▶ _PROBLEM STATEMENT_
Write out the data exactly from its first line onward, ending with the line in which "The Evolution of" appears.

▶ _DATASET CONTENT_

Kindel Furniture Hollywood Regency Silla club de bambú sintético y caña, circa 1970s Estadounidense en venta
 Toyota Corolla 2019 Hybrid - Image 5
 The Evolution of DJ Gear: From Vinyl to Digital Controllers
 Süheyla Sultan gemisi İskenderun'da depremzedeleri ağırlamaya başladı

▶ _REPLY TO THE EXERCISE_
Kindel Furniture Hollywood Regency Silla club de bambú sintético y caña, circa 1970s Estadounidense en venta
 Toyota Corolla 2019 Hybrid - Image 5
 The Evolution of DJ Gear: From Vinyl to Digital Controllers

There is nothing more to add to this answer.